Les passagers rejoignent la rive en embarcation légère, dans une anse abritée où s'alignent chalets de bois et quais privés. Au-dessus du hameau se dresse le profil du Géant endormi, cette formation rocheuse allongée qui semble flotter sur le lac et que protège le parc provincial Sleeping Giant. L'air sent la forêt mouillée et l'eau froide du large. Ici, pas de terminal ni de boutique hors taxes : une seule rue, des jardins soignés, quelques quais de bois et le silence immense du plus grand lac d'eau douce au monde par sa superficie.

La mine sous le lac

En 1868, des prospecteurs de la Montreal Mining Company repèrent une veine d'argent d'une pureté exceptionnelle sur un îlot qui dépasse à peine de l'eau, au large de la rive. Une compagnie américaine développe le site à partir de 1870 : l'îlot est agrandi plus de dix fois avec de la roche concassée, ceinturé d'ouvrages de bois, et les puits descendent toujours plus profond sous le lac. La mine devient l'une des plus productives de son époque, avant de fermer en 1884, lorsque le charbon nécessaire aux pompes n'arrive pas à temps et que l'eau reprend les galeries. Depuis la berge, on distingue encore l'îlot dénudé, dernier vestige visible de cette épopée. Par temps calme, les résidents racontent qu'on devine sous la surface l'ombre des ouvrages engloutis.

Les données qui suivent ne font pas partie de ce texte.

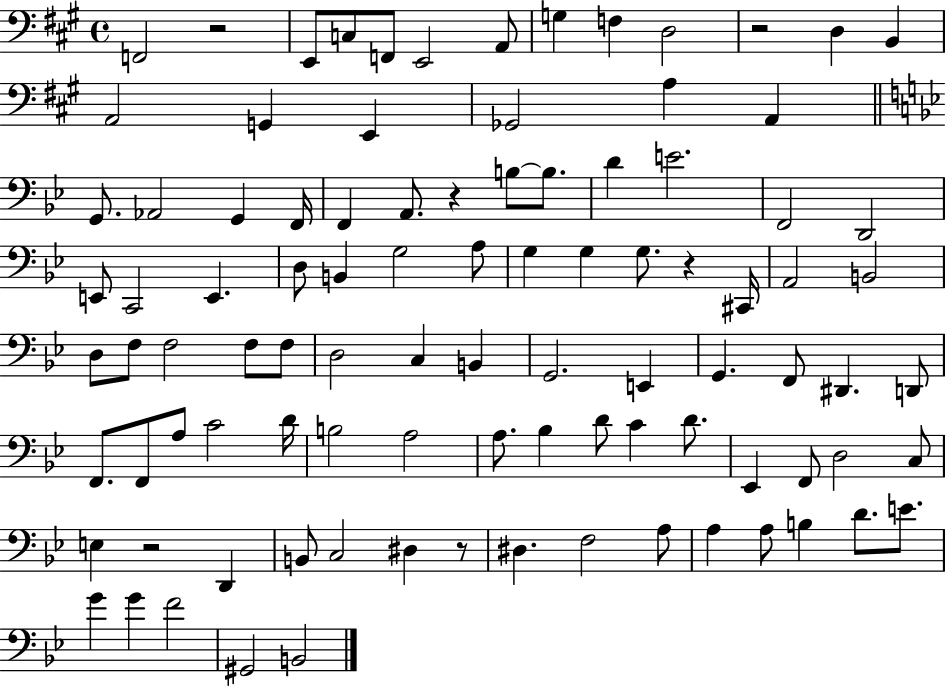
X:1
T:Untitled
M:4/4
L:1/4
K:A
F,,2 z2 E,,/2 C,/2 F,,/2 E,,2 A,,/2 G, F, D,2 z2 D, B,, A,,2 G,, E,, _G,,2 A, A,, G,,/2 _A,,2 G,, F,,/4 F,, A,,/2 z B,/2 B,/2 D E2 F,,2 D,,2 E,,/2 C,,2 E,, D,/2 B,, G,2 A,/2 G, G, G,/2 z ^C,,/4 A,,2 B,,2 D,/2 F,/2 F,2 F,/2 F,/2 D,2 C, B,, G,,2 E,, G,, F,,/2 ^D,, D,,/2 F,,/2 F,,/2 A,/2 C2 D/4 B,2 A,2 A,/2 _B, D/2 C D/2 _E,, F,,/2 D,2 C,/2 E, z2 D,, B,,/2 C,2 ^D, z/2 ^D, F,2 A,/2 A, A,/2 B, D/2 E/2 G G F2 ^G,,2 B,,2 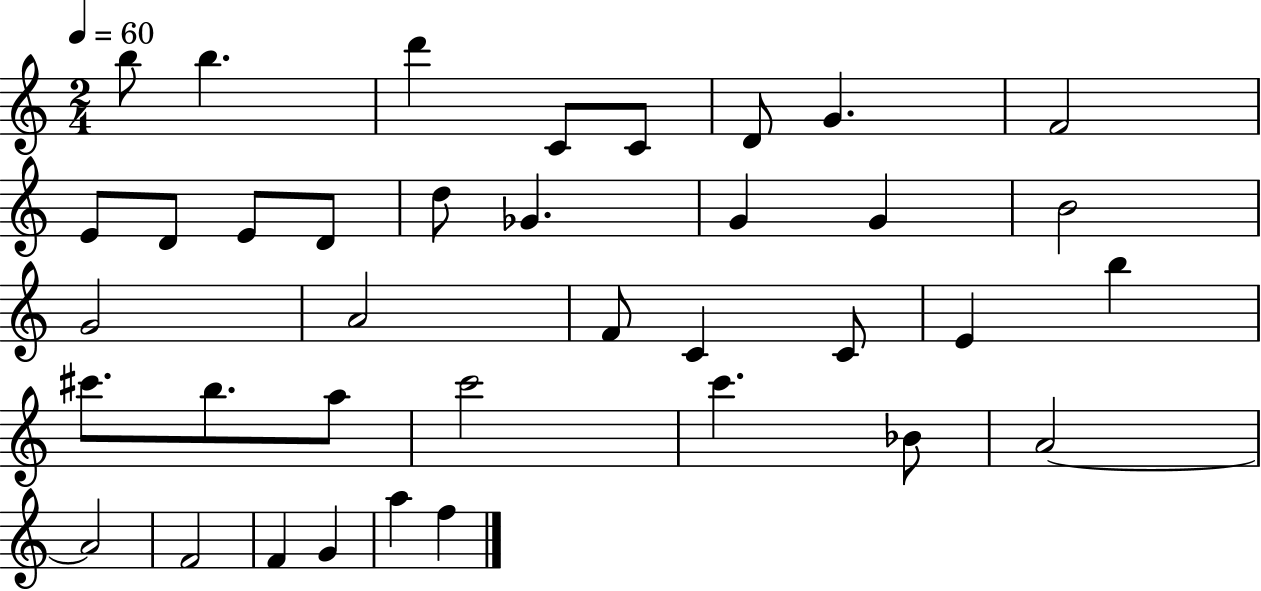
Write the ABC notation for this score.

X:1
T:Untitled
M:2/4
L:1/4
K:C
b/2 b d' C/2 C/2 D/2 G F2 E/2 D/2 E/2 D/2 d/2 _G G G B2 G2 A2 F/2 C C/2 E b ^c'/2 b/2 a/2 c'2 c' _B/2 A2 A2 F2 F G a f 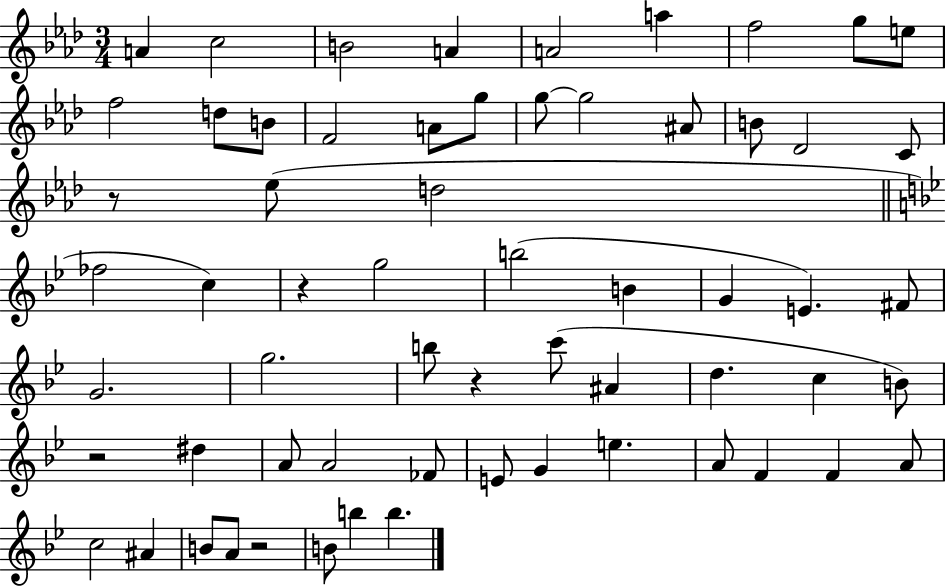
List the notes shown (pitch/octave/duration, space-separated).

A4/q C5/h B4/h A4/q A4/h A5/q F5/h G5/e E5/e F5/h D5/e B4/e F4/h A4/e G5/e G5/e G5/h A#4/e B4/e Db4/h C4/e R/e Eb5/e D5/h FES5/h C5/q R/q G5/h B5/h B4/q G4/q E4/q. F#4/e G4/h. G5/h. B5/e R/q C6/e A#4/q D5/q. C5/q B4/e R/h D#5/q A4/e A4/h FES4/e E4/e G4/q E5/q. A4/e F4/q F4/q A4/e C5/h A#4/q B4/e A4/e R/h B4/e B5/q B5/q. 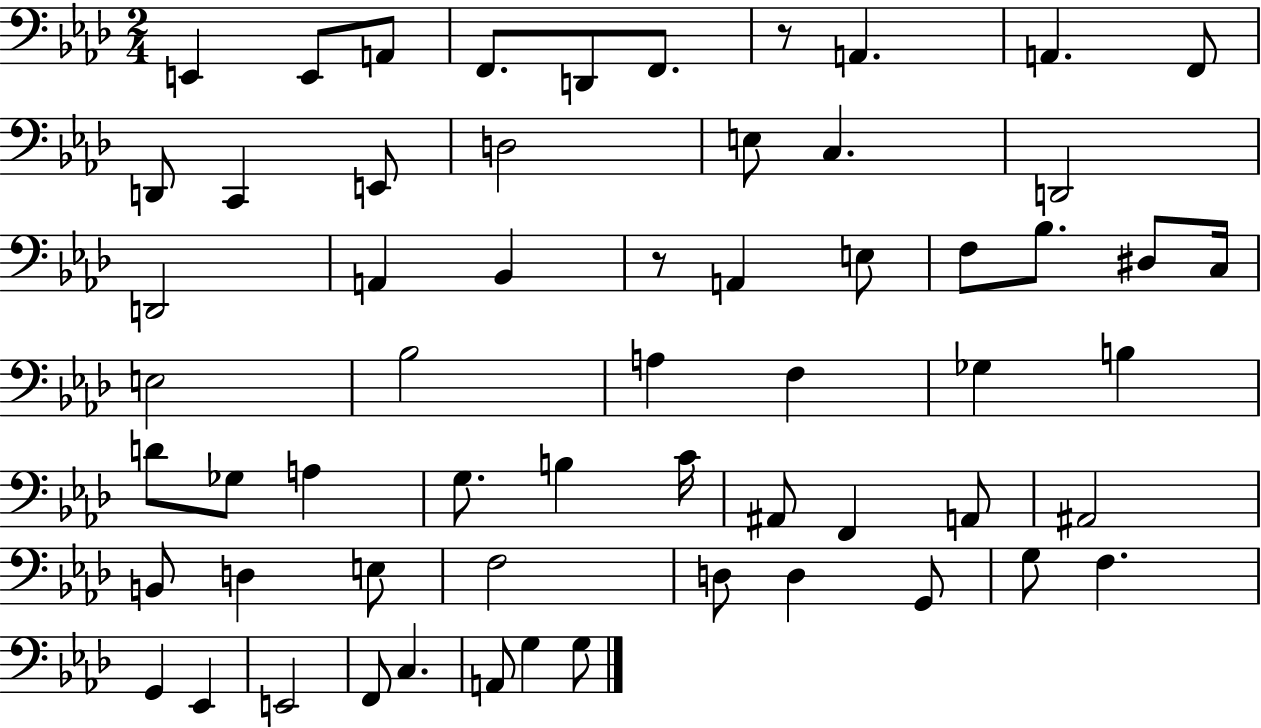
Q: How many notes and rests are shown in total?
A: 60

Le magasin général de 1871

Au centre du hameau, le magasin général construit pour les mineurs en 1871 a été restauré avec soin. Selon les saisons, son salon de thé sert scones et café aux visiteurs de passage, entre des étagères qui évoquent le comptoir d'autrefois. Les résidents s'y croisent comme au premier jour, et la conversation s'engage facilement : plusieurs familles occupent les anciennes maisons de mineurs depuis des générations et racontent leur coin de lac avec une affection contagieuse.

Marcher dans la forêt boréale

Selon l'organisation de la journée, des marches guidées mènent vers les points de vue de la péninsule. Les sentiers du parc provincial traversent une forêt d'épinettes et de bouleaux, débouchant sur des caps de basalte d'où le regard porte loin sur le Supérieur. Les naturalistes du bord signalent orignaux, renards et oiseaux boréaux, plus souvent entendus qu'aperçus. Même une courte boucle donne la mesure du lieu : une nature ancienne, à peine entamée par le passage des hommes.

Ce qu'il faut savoir

  • Escale réservée aux navires d'expédition; débarquement selon les conditions du lac.
  • Services très limités : apporter ce dont on a besoin, emporter ses déchets.
  • Chaussures de marche recommandées pour les sentiers et les berges rocheuses.
  • Réseau cellulaire intermittent : une excellente excuse pour ranger le téléphone.

Un adieu en eau claire

Au moment du départ, le hameau disparaît derrière la pointe et il ne reste que le Géant, couché sur l'horizon. On repense alors aux mineurs qui entendaient le lac gronder au-dessus de leur tête, et à la poignée d'habitants qui veillent aujourd'hui sur leur histoire. Les escales les plus modestes sont parfois celles qui occupent le plus de place dans les récits du retour, et Silver Islet en fournit une preuve éloquente.